--- START ---
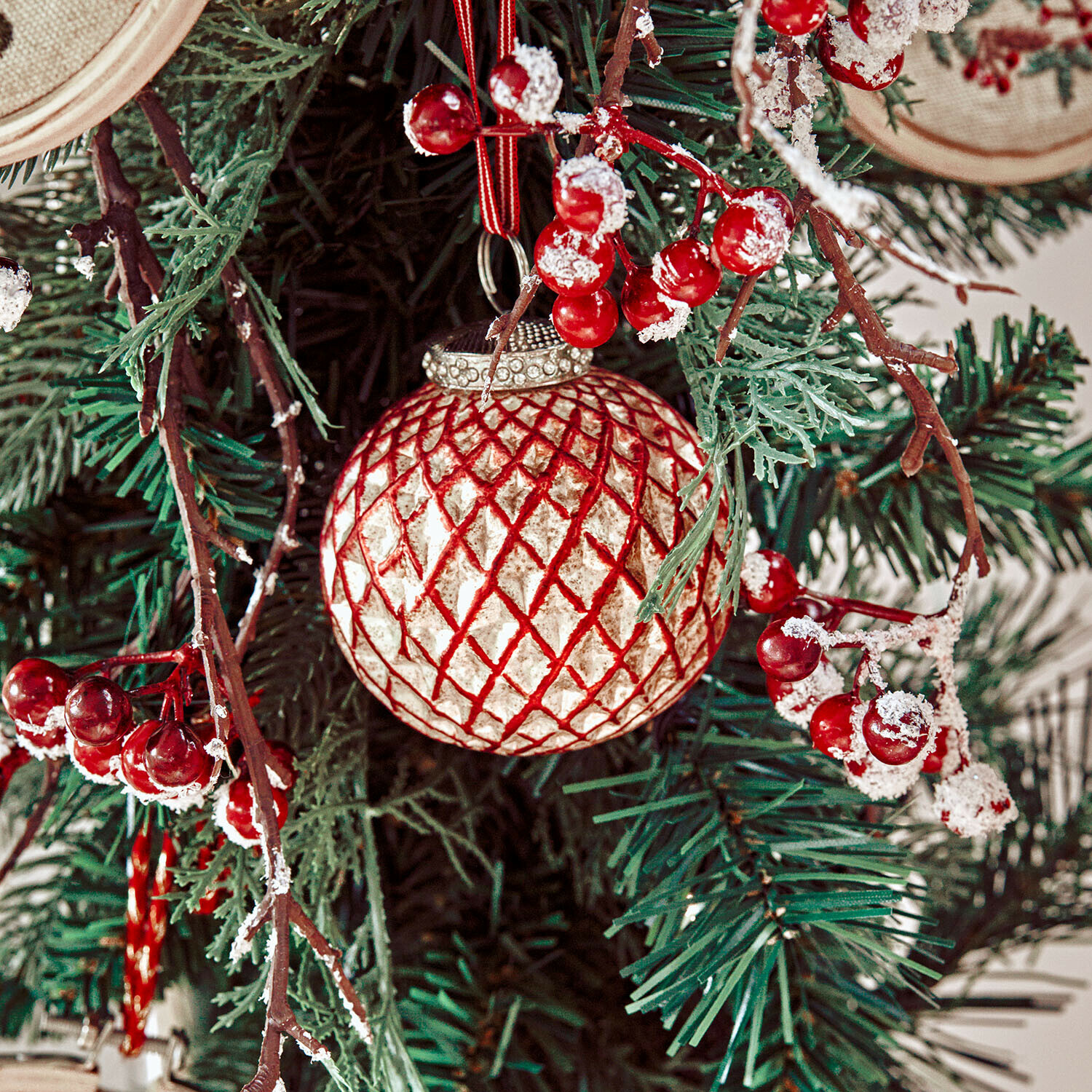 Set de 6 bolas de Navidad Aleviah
--- END ---
--- START ---
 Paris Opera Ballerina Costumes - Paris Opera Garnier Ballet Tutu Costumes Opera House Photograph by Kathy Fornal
--- END ---
--- START ---
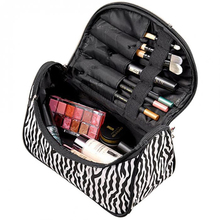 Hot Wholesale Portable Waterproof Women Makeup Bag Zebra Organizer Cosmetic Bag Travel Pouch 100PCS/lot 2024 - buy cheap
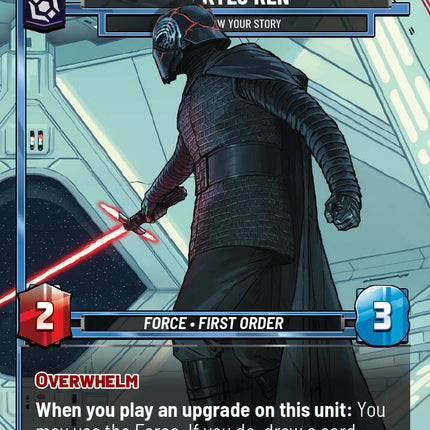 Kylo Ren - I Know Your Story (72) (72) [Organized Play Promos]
--- END ---
Instructions to follow:
In the data above, start at the line holding "Hot Wholesale Portable" and stop after the line holding "Kylo Ren - I"; write out those lines exactly, without pictures.

Exercise result:
 Hot Wholesale Portable Waterproof Women Makeup Bag Zebra Organizer Cosmetic Bag Travel Pouch 100PCS/lot 2024 - buy cheap
 Kylo Ren - I Know Your Story (72) (72) [Organized Play Promos]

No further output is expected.